#### Exercise description
What you return should be the full listing, copied exactly and stripped of its pictures.
====== Dataset content ======
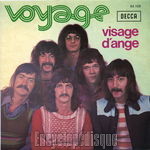 [Pochette de Visage d’ange]
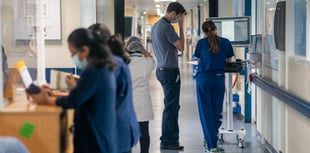 The Torbay and South Devon Trust: all the key numbers for the NHS Trust in April, as national waiting lists fall to lowest level in two years
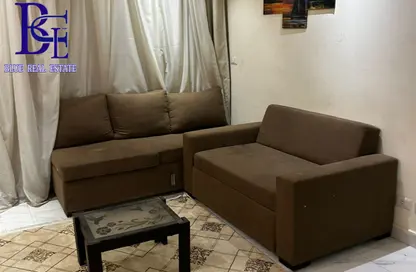 Apartment - 3 Bedrooms - 2 Bathrooms for rent in The Address - 12th District - Sheikh Zayed City - Giza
======
#### Answer section
 [Pochette de Visage d’ange]
 The Torbay and South Devon Trust: all the key numbers for the NHS Trust in April, as national waiting lists fall to lowest level in two years
 Apartment - 3 Bedrooms - 2 Bathrooms for rent in The Address - 12th District - Sheikh Zayed City - Giza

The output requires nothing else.